__Prompt__:
Pictures in the entries below are excluded; copy only the lines from the one containing "Custom Fit Denture Kit – Easy DIY Solution" to the one containing "Grávida é atacada", both included.

__Material for this exercise__:

++++

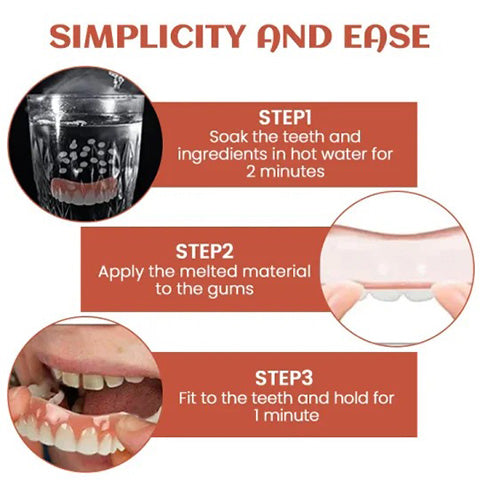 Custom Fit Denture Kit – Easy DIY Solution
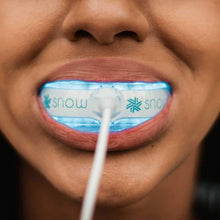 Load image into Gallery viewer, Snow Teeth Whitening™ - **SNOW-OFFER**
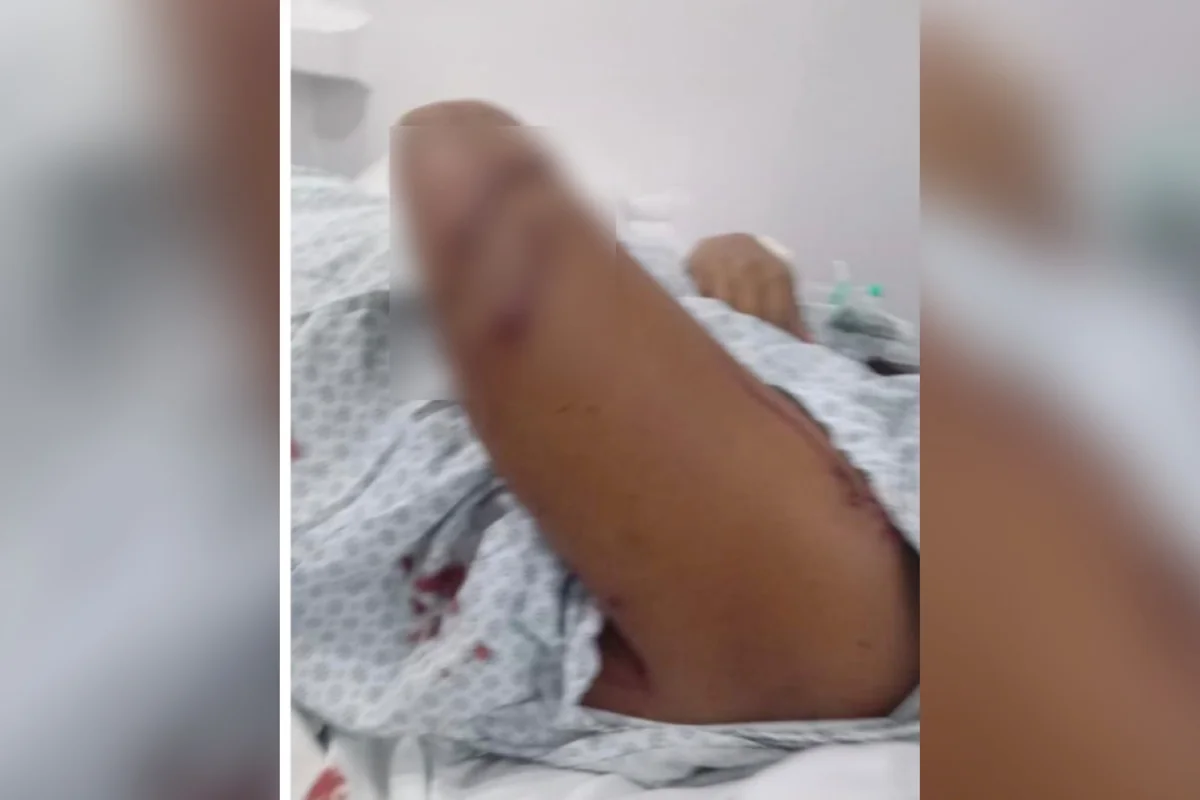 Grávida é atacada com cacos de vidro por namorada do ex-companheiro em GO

++++

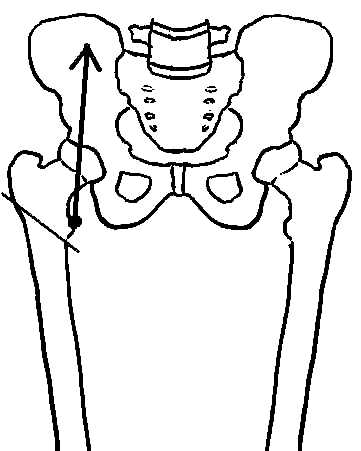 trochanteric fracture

++++

__Answer to the problem__:
 Custom Fit Denture Kit – Easy DIY Solution
 Load image into Gallery viewer, Snow Teeth Whitening™ - **SNOW-OFFER**
 Grávida é atacada com cacos de vidro por namorada do ex-companheiro em GO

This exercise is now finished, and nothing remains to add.